In my opinion, BTC represents the final chapter of the repudiation of fiat currencies by those of the Super-Wealth fraternity. They own all of the prime real estate around the world; they own all of the publicly traded behemoths listed on global stock exchanges; and they own every politician and every court of law in existence. Ergo, there was only one glaring vulnerability to which the elite class were exposed—currency risk. Now, with Bitcoin, they have removed accessibility of this product to the Rothschild-ian Mantra of "controlling a nation by controlling its currency," which was and is the modus operandi of the banker class. The maniacal move of BTC in 2017 represents total disdain, not for Zimbabwe dollars or Venezuelan bolivars, but for U.S. dollars, euros, and yen.

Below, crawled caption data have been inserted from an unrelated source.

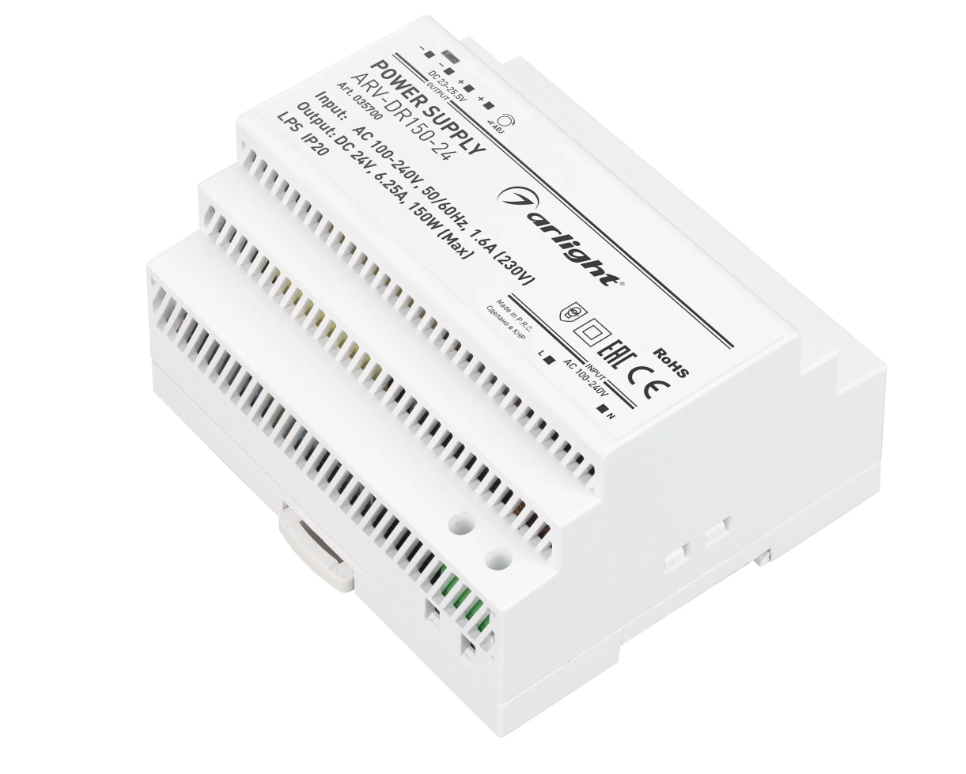 Блок питания ARV-DR150-24 (24V, 6.25A, 150W) (Arlight, IP20 DIN-рейка)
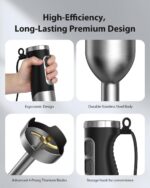 1000W Powerful Immersion Blender Handheld, 2025 New Update Hand Blender with 25-Speed and Heavy-Duty Copper Motor (Silver) - Image 8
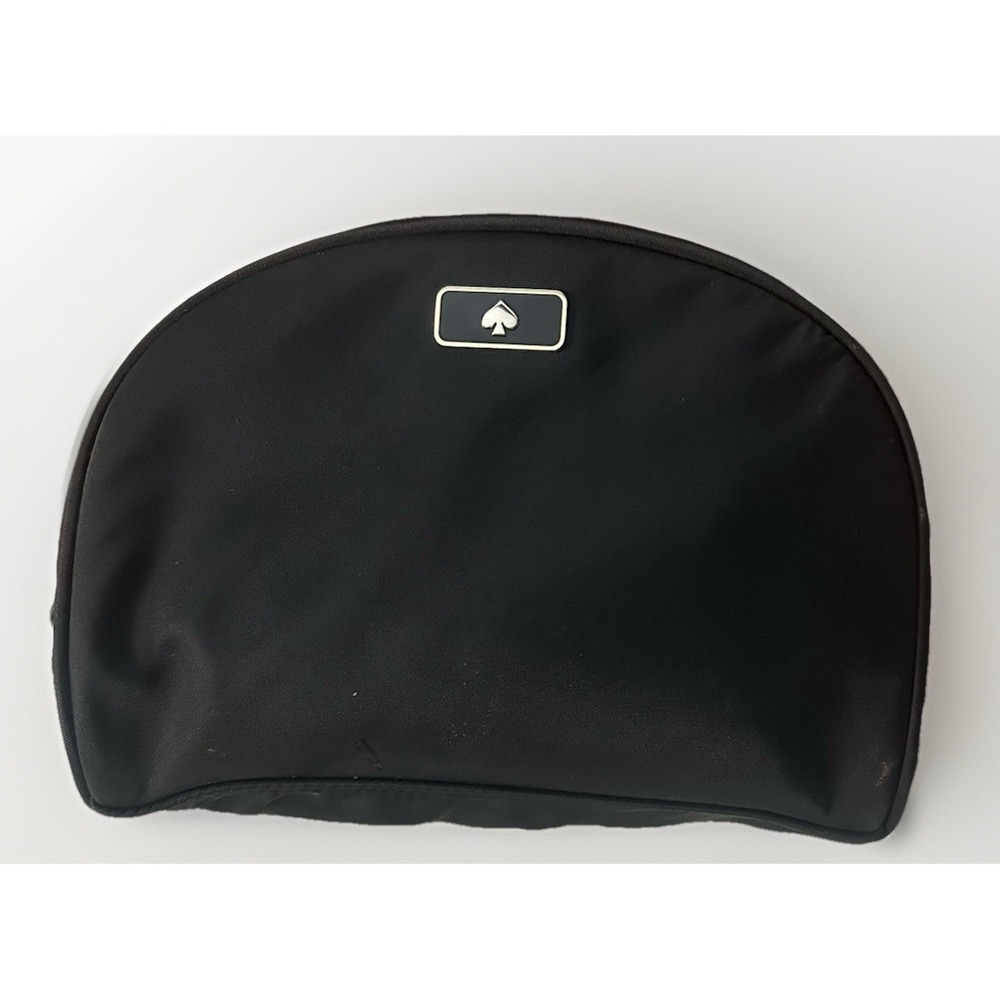 Kate Spade Dawn Medium Dome Cosmetic Makeup Bag Black Nylon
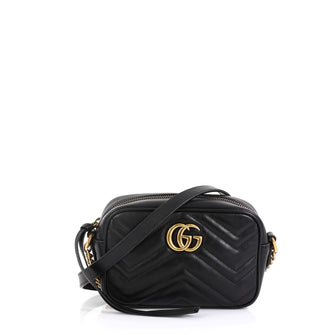 Gucci GG Marmont Shoulder Bag Matelasse Leather Mini Black 448032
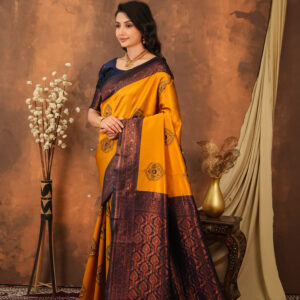 premium jacquard weave saree with contrast zari border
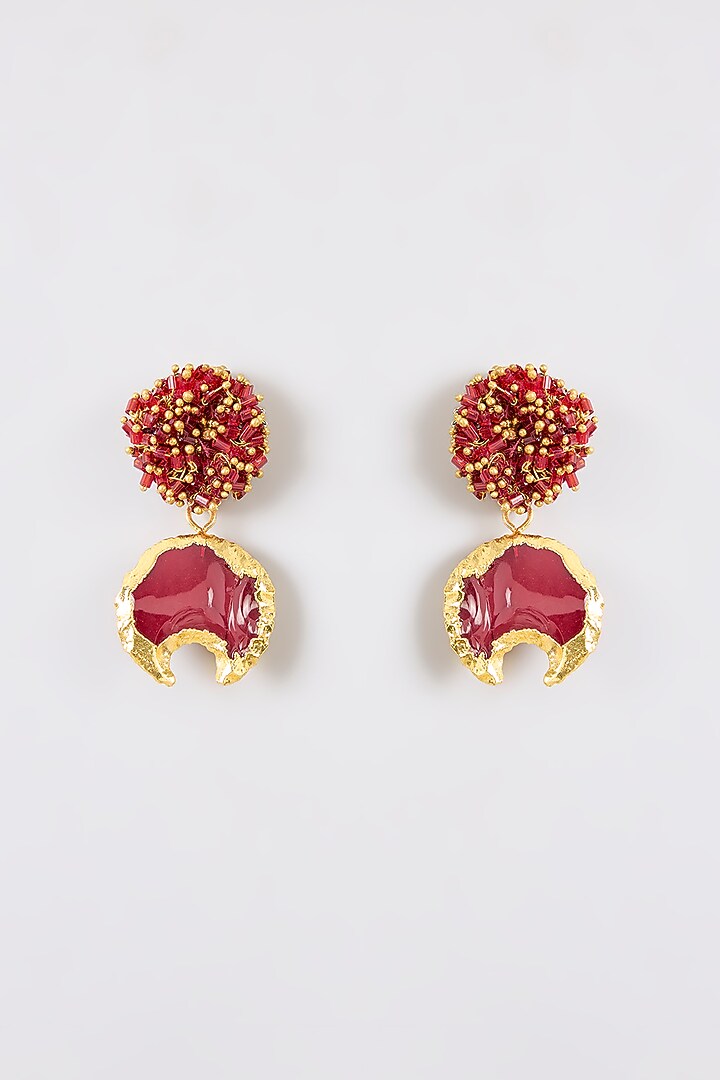 Gold Finish Maroon Quartz Stone Dangler Earrings by House Of Tuhina at Pernia's Pop Up Shop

Now you may have noticed that I have purposely refrained from offering predictions on the outlook for BTC and the myriad of blockchain "wannabe's" that are being marketed like pretzels at a ball game. My inbox this week is stuffed with dozens and dozens of these deals and the more difficult to assess and analyze, the more the demand swells. It seems that scarcity outweighs logic in handicapping this type of mania to the extent that when I see junior exploration companies announcing plans to restructure into blockchain business ventures by way of a twenty-something engineering graduate two years out of school, it is eerily reminiscent of the DotCom mania of the late 90s which, by the way, marked the bottom of the gold markets and the top in the tech bubble.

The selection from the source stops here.